Stanotte ho sognato Victor Sklovskij. Eravamo a Norderney, vestiti di chiaro, sulla spiaggia. Il mare invitava a viaggi primordiali, viaggi sognati per lunghi mesi quand’eravamo feti e poi scordati, ma ogni tanto… Come una scossa, un sussulto, barlumi di memoria pre-individuale: l’arca di Noè, la spedizione degli Argonauti, la nave di Odisseo, il liquido amniotico… Il mare era un invito a nascere di nuovo. Eravamo su un’isola a Nord, si parlava tedesco. Sklovskij e io catturavamo granchi. Eravamo innamorati di qualcuno.
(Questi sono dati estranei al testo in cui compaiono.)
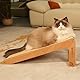 CheerPals Dual-Use Sisal Kratzbrett Katzen- Large 63cm H, Massivholz Buche & Natürliche Sisal Kratzsäule Katze, L-förmige Kratzmöbel für alle Katzen Spielen, Entspannen
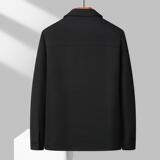 XL-8XL大码男翻领休闲外套男秋冬新款胖哥宽松夹克潮外套2037P145，男装夹克，星座802
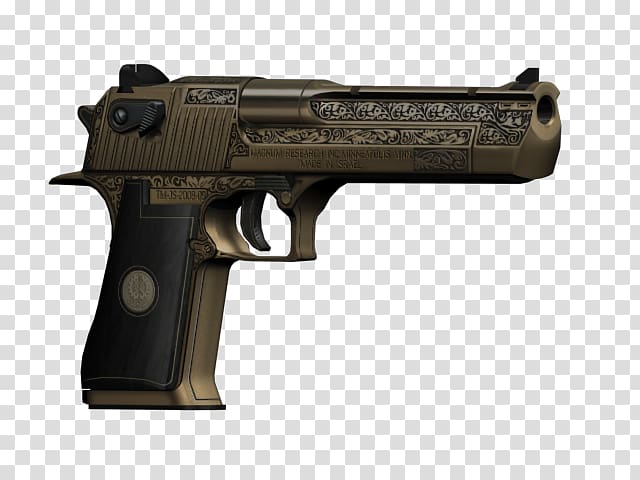 Trigger Firearm Airsoft Guns IMI Desert Eagle, weapon transparent background PNG clipart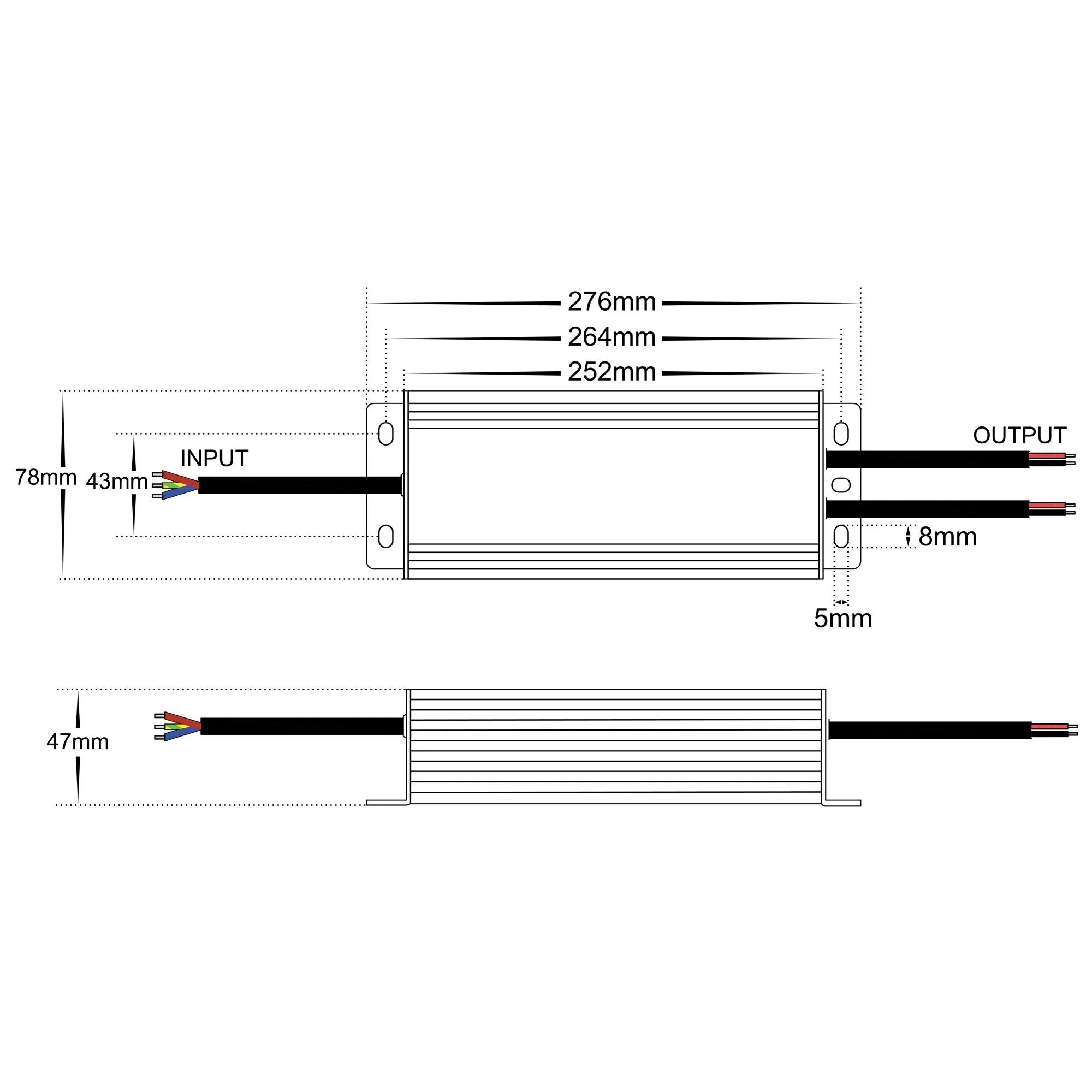 300w Triac Dimmable LED Driver 300w (12v or 24v) Havit Lighting - HV9660-12V300W, HV9660-24V300W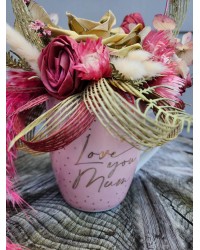 29 Exclusive Love You Mum Flax Flower Arrangement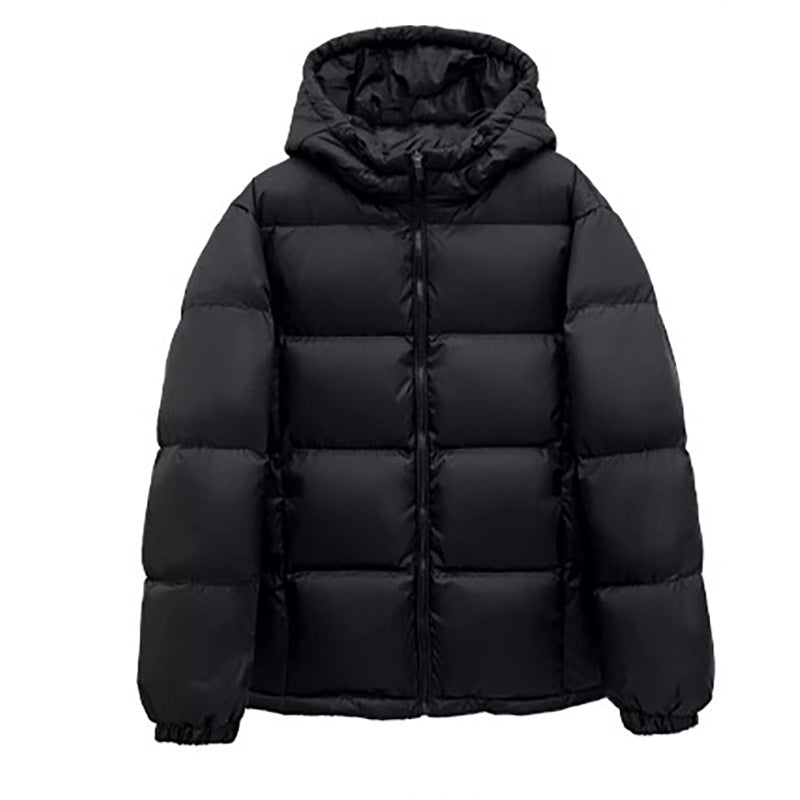 Women's Padded Puffer Jacket with Hood and Insulating Filling Lune London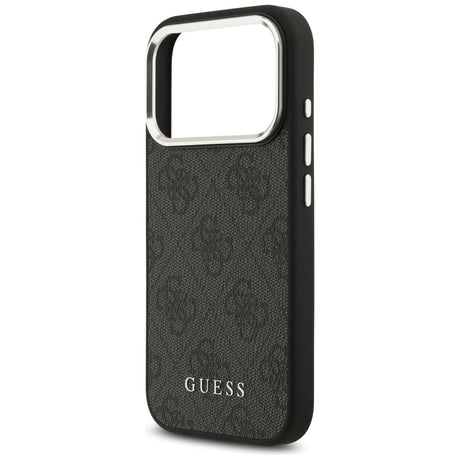 Husa de protectie Guess Hardcase 4G Classic Logo MagSafe (GUHMP17LP4GSSMCK) compatibil cu iPhone 17 Pro, Negru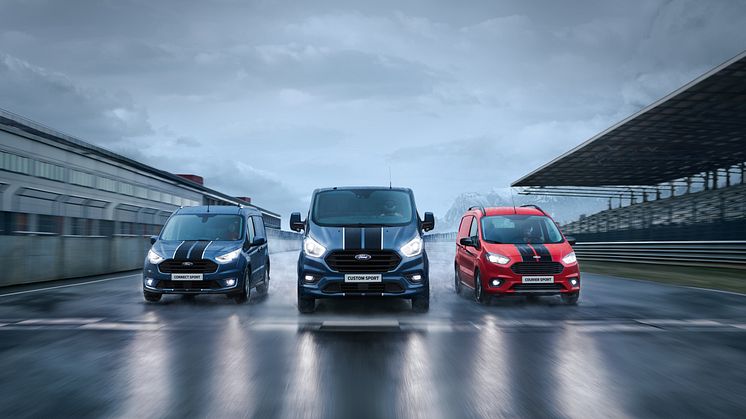 Ford Transit Sport blir nu kraftfullare än någonsin.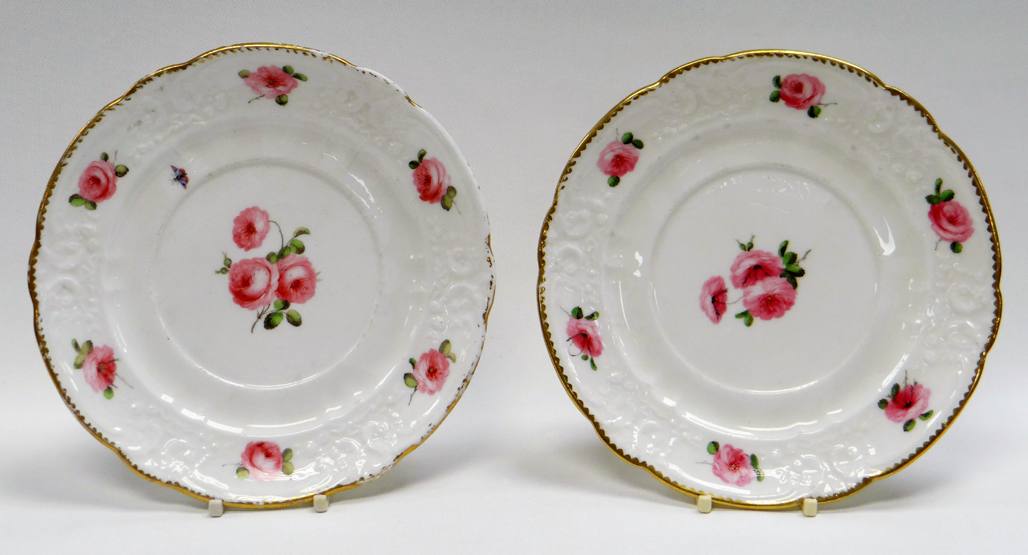 A PAIR OF NANTGARW PORCELAIN SAUCE TUREENS ON STANDS of circular form on pedestal bases and having - Image 2 of 3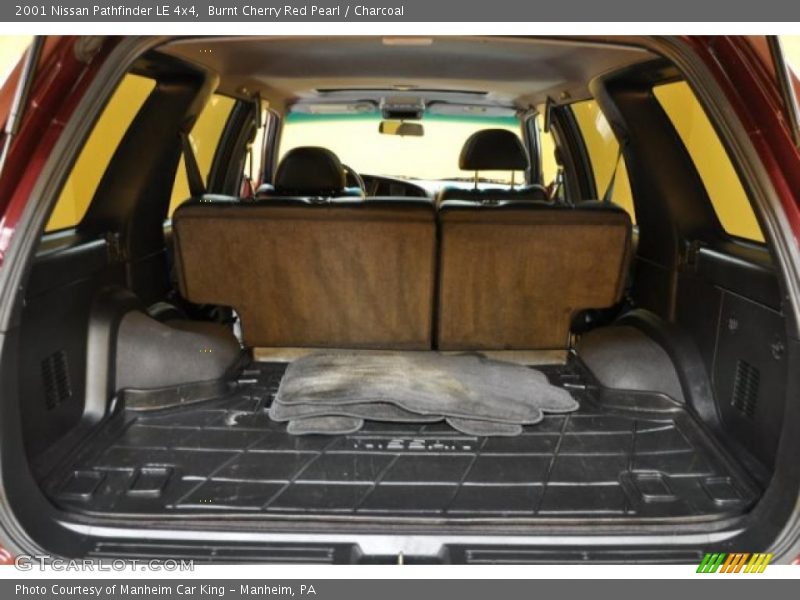 Burnt Cherry Red Pearl / Charcoal 2001 Nissan Pathfinder LE 4x4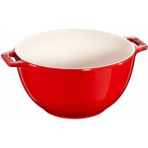 Staub Kulplu Seramik Servis Kasesi 25 cm Kiraz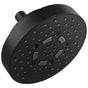 Brizo - Universal Showering 7'' Linear Round H2Okinetic Multi-Function Wall Mount Shower Head - 1.5 GPM - Matte Black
C’era già stata la rivoluzione, vivevamo una parentesi di quiete. Sklovskij era arrivato da Berlino, io non so più da dove. Non eravamo soli. Non sapevamo ballare. La sera, nel salone dell’albergo, guardavamo le evoluzioni di madri con padri, padri con figlie già sposate, madri con figli adolescenti. Pensavamo alla Russia, tutti i giorni, sempre, anche mentre catturavamo i granchi o ci struggevamo per le amate. Correvano storti, i granchi. Le chele sembravano guantoni da boxe. Li rigettavamo nell’acqua bassa. La rivoluzione mi attendeva, sbuffante. Dovevo tornare, fare il mio dovere. Non ricordo come andò a finire: ho un buco nella memoria. So che sono morto, questo sì. So che questo è l’avvenire, questo sì. C’è ancora lo sfruttamento, c’è il capitale. Ci sono amori infelici. Sono in Italia. Non oso domandare della Russia. Farò anche qui il mio dovere di poeta. Ricordo il giorno della partenza da Norderney, il sorriso triste di Sklovskij. Ce la prendemmo comoda, perdemmo il treno. Nel sogno questo non succede. Corsi dietro alla locomotiva, e Sklovskij con me, da buon compagno, anche se andavamo in posti diversi. Catturai il treno, tornai puntuale all’appuntamento con la Storia e con la sorte. A Sklovskij, mentre correva, si ruppe l’orologio. Chissà se rimarrò sempre qui. Chissà se mi risveglierò altrove. Chissà se questo è un sogno. Non importa: sogno o realtà, farò il mio dovere. Questi operai hanno bisogno di poesia.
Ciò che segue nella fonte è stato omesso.